Published in 3/2023 - Block


How to Plan Unplanned Encounters? A Formula Explains What to Take into Account When Designing Urban Blocks

Martino De Rossi

The diagrams show the connections from stairwells to the yard (orange) and to the street (red), and from the street to the yard (blue) in the case study blocks. Diagram and analysis: Martino De Rossi

In recent decades, the perimeter block has become the go-to urban typology in Finnish urban planning and a symbol of urban life. If you take a closer look at the form, however, it does not create life around it as such. The potential lies in more subtle design choices. 

During the design phase of buildings or building blocks, architects and planners rarely take into consideration unplanned encounters between the residents, even though they are a basic ingredient of urban life.
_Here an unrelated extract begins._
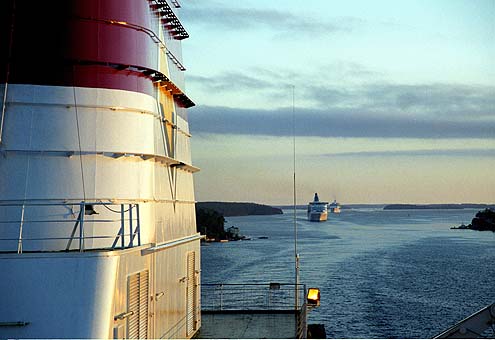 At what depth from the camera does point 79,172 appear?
41.9 ft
The need for unplanned encounters is ever greater when digitalization takes over society and more and more issues are taken care of without leaving home: from ordering food online to remote work.

Unplanned encounters are one of the most valuable gifts that buildings developed around a courtyard can provide. Nowadays, this most often means the urban typology of a perimeter block. It can offer various benefits, such as safety, protection from strong winds, and the prevention of loneliness and segregation. Basing his argument on much more ancient perimeter blocks in Pompeii – an argument that still applies today – archaeologist Mark Grahame suggests that, in buildings with a central courtyard, people demonstrate a clear sense of belonging to a particular household and a definite sense of their own place within it, while this does not happen in houses without a courtyard.1 Courtyards can provide safe spaces for children to play, improving their emotional and cognitive development. They also help to reduce residents’ feelings of isolation and fear of public spaces by providing transitional areas between public and private spaces. There seems to be no doubt that this basic, unstructured awareness of others is powerfully influenced by the architectural form and that this must be a major factor in design.2 This is a direct invitation to architects.
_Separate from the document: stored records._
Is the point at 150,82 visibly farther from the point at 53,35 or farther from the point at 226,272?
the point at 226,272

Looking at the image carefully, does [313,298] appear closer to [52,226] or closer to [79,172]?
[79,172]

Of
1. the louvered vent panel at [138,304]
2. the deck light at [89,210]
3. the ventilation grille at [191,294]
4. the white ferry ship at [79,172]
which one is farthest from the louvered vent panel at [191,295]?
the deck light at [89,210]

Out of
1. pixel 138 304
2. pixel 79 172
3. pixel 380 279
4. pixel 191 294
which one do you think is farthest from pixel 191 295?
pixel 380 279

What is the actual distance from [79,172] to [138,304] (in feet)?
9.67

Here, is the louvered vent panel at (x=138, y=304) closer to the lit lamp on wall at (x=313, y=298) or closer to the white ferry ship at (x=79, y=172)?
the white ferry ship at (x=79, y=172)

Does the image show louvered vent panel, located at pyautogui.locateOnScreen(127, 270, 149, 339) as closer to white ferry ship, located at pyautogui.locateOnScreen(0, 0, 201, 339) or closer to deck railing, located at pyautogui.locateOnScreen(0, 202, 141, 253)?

However, the courtyard itself is not the only ingredient to ensure encounters: every design decision, such as where to place the access, can have a significant impact on the creation of communities. The good news is that architects and planners can do something to this effect as early as in the first design phases – for example, by carefully planning perimeter blocks – and, eventually, the encounters within a block can be examined through calculations.

The courtyard itself is not the only ingredient to ensure encounters.

Does the Perimeter Block Typology Fit the Nordic Climate?

The perimeter block became popular in the Nordic countries at the beginning of the 20th century. The model for the new urban plan of Vallila, Helsinki, according to Riitta Nikula3, came from Göteborg, Sweden, from the exemplar urban plan for the Kungsladugård area that was drawn up in 1916 by Albert Lilienberg. The plan was based on huge, regular, rectangular perimeter blocks for social housing. At the same time, large perimeter blocks started to appear in Copenhagen, such as the Hornbækhus (200 x 80 m) designed by Kay Fisker in 1923.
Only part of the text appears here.